Après la révolution de Février, la répression tsariste s'effondre, et les masses populaires s'organisent partout dans tous types de structures, dont des syndicats ouvriers. Mais les soviets et les comités d’usine sont d'emblée plus représentatifs et épousent bien mieux l'auto-activité des masses. Si bien que les syndicats n’ont joué dans les événements de 1917 qu’un rôle secondaire, même lorsqu’ils étaient puissants comme le syndicat des métallurgistes de Pétrograd, fort de 200 000 membres. Ils étaient fortement politisés et largement dominés par les social-démocrates.

Au lendemain de la révolution de Février, les syndicats ont donc assez largement accepté la direction politique des soviets, comme la majorité de la classe ouvrière. Des frictions existaient néanmoins[1]. À Moscou, la première réunion organisationnelle de l’Union des syndicats se tient le 2 mars avec les représentants de 25 unions syndicales et deux représentants du comité du parti SD de Moscou. Les syndicats décident d'accepter la subordination au Soviet seulement si celui-ci pratique une politique « internationaliste » (par opposition aux défensistes). Ils proposaient même de n’élire au Soviet que des internationalistes.

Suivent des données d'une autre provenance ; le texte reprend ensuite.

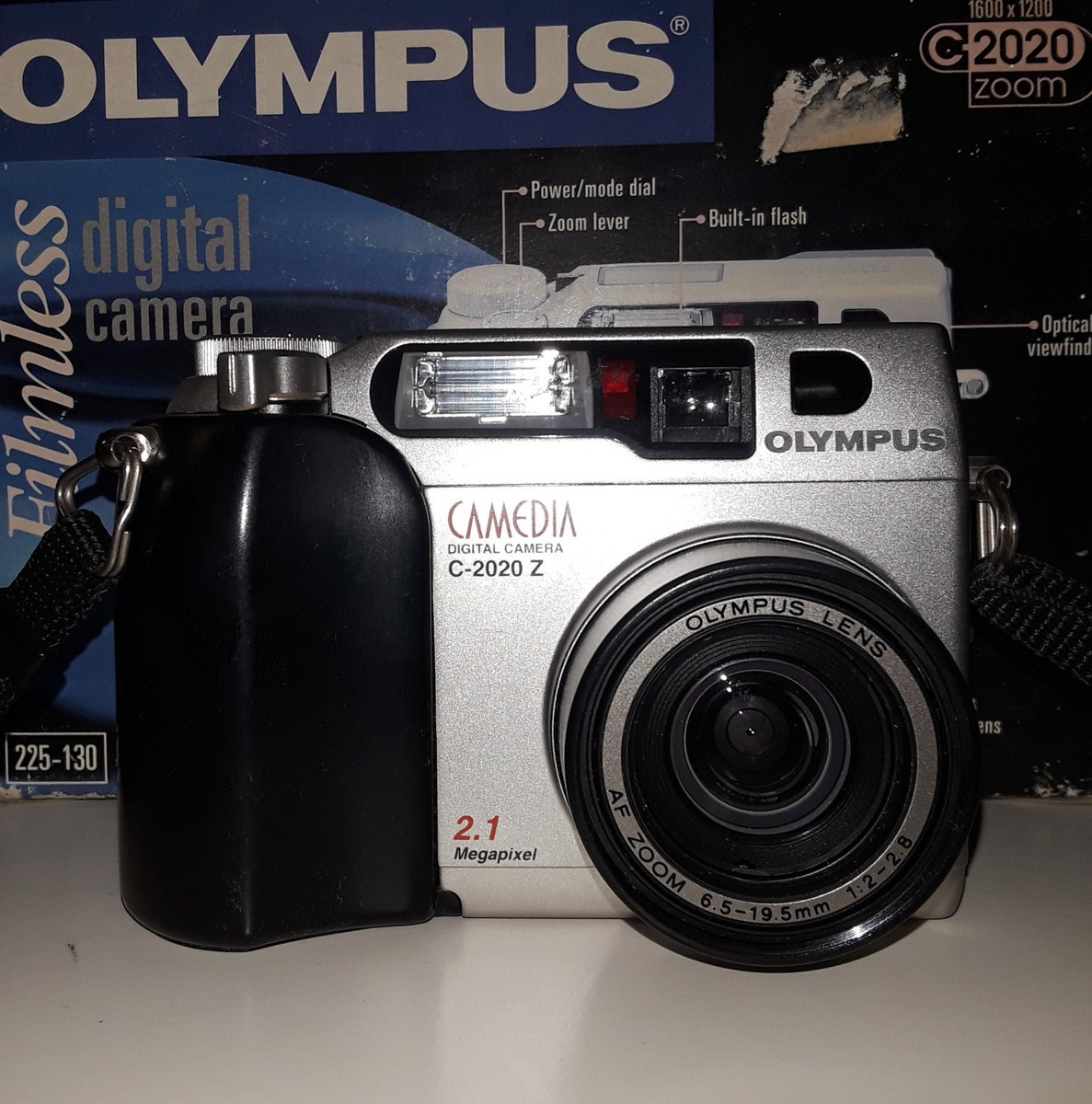 Olympus CAMEDIA C-2020 Zoom 2.1MP Digital Camera - Black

Lors de la réunion suivante des syndicats de Moscou, il est décidé concernant le rapport avec les partis :

« En ce qui concerne l’attitude vis-à-vis des partis socialistes, il a été décidé que, formellement, les syndicats sont indépendants des partis (bes-partii). Ils doivent se trouver en pleine union, tant du point de vue organisationnel que du point de vue de leur plate-forme, avec les partis qui se placent sur le terrain de la lutte des classes. En ce qui concerne les partis bourgeois, le syndicat juge leur conduite ambiguë, les considère comme des ennemis politiques de la classe ouvrière et juge indispensable que les syndicats démarquent nettement leur ligne politique de la leur, les soutenant seulement quand leurs exigences coïncident avec les exigences de la classe ouvrière. »

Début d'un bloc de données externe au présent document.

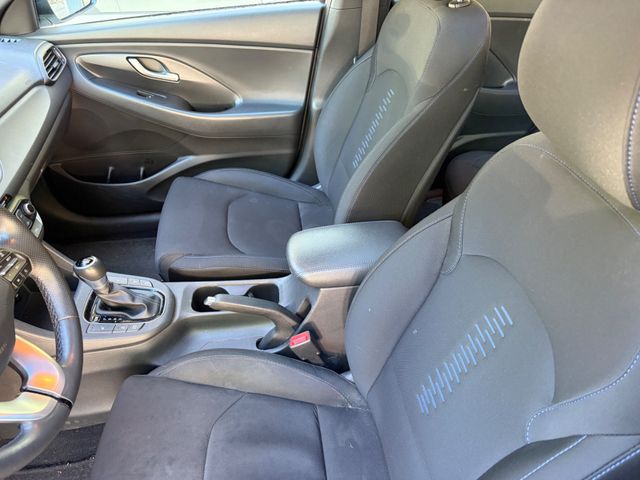 Fahrzeugabbildung Hyundai i30 cw Passion Automatik+CarPlay+Panorama+Navi+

Un autre exemple de conflit fut lorsque le Soviet de Simbirsk (qui avait émané des comités d’usine) voulut prendre le contrôle du syndicat du textile et nommer une autre direction, au nom du fait que l'ancienne direction aurait eu des liens avec la Douma d'Etat et avaient des pratiques non démocratiques. En réaction, les ouvriers d'une usine votèrent une protestation, réaffirmant que « dans les institutions démocratiques il y a, à l’origine, l’élection ; la nomination d’une Direction viole les principes démocratiques élémentaires [et que] c’est l’assemblée qui contrôle la Direction, (...) tout autre contrôle est une gifle à l’assemblée ».[1]

L’anarcho-syndicaliste Voline souligne : « quant au syndicalisme, aucun mouvement ouvrier n’ayant existé en Russie avant la Révolution de 1917, la conception syndicaliste – quelques intellectuels érudits mis à part – y était totalement inconnue (…) cette forme russe d’une organisation ouvrière, le "Soviet", fut hâtivement trouvée en 1905 et reprise en 1917, justement à cause de l’absence de l’idée et du mouvement syndicalistes ». Voline ajoute que « sans aucun doute, si le mécanisme syndical avait existé, c’est lui qui aurait pris en mains le mouvement ouvrier. »[2]

Une exception de ce point de vue a été le Vikjel, Comité exécutif pan-russe du syndicat des travailleurs du rail, l’une des plus fortes organisations syndicales, représentant un secteur très imprégné de ses particularités corporatives et qui, par rapport aux ouvriers d’usine, constituait une sorte d’« aristocratie ouvrière ».

La direction du syndicat des cheminots est notamment connue pour sa tentative conciliatrice au lendemain de l’insurrection d’Octobre : alliée alors avec l’aile droite de la direction bolchevique (Kamenev, Zinoviev, Rykov), elle avait tenté d’imposer un gouvernement composé de « toutes les tendances socialistes », c’est-à-dire commun avec celles (mencheviks, socialistes-révolutionnaires de droite) qui ne reconnaissaient pas le pouvoir des soviets et dont certains membres n’allaient pas tarder à œuvrer de concert avec la contre-révolution bourgeoise et impérialiste. Le Vikjel s’est ensuite comporté comme une force d’opposition au nouveau pouvoir soviétique, allant jusqu’à menacer de paralyser le transport des troupes envoyées sur le front des premiers combats avec la contre-révolution.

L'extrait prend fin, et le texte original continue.